'''

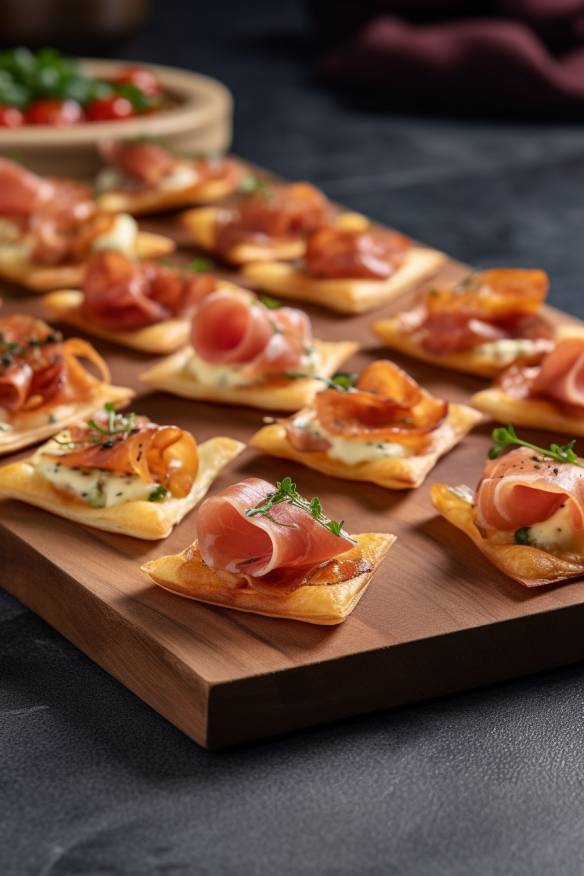 Mini-Flammkuchen-Fingerfood auf einem Serviertablett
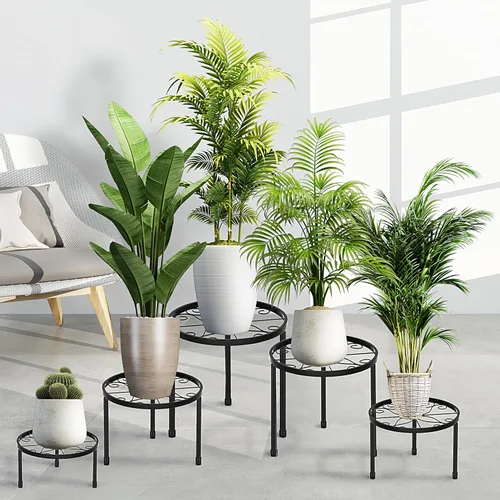 Miniatura 5 de CADANI Paquete de 5 soportes de metal para plantas para interiores y exteriores, soporte de hierro antioxidante, soporte resistente para macetas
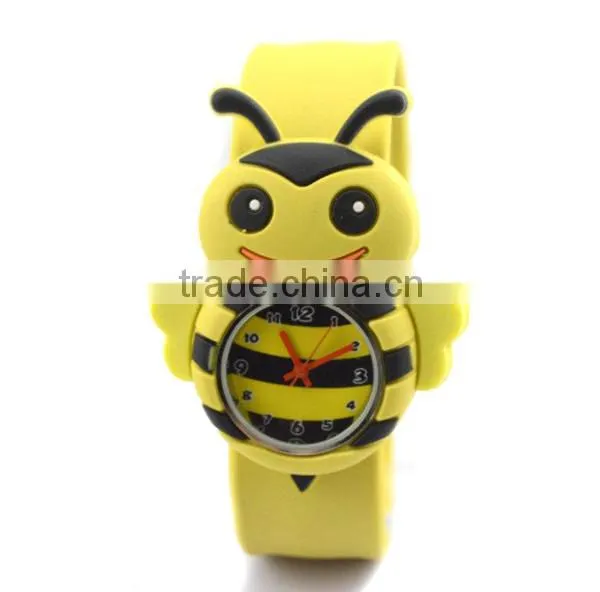 cute bee slap watch glass face quartz movt silicone strap gift wrap slap watch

'''

■ ASSIGNMENT
Give back the material exactly as written, images excluded.

■ ANSWER TO THE EXERCISE
 Mini-Flammkuchen-Fingerfood auf einem Serviertablett
 Miniatura 5 de CADANI Paquete de 5 soportes de metal para plantas para interiores y exteriores, soporte de hierro antioxidante, soporte resistente para macetas
 cute bee slap watch glass face quartz movt silicone strap gift wrap slap watch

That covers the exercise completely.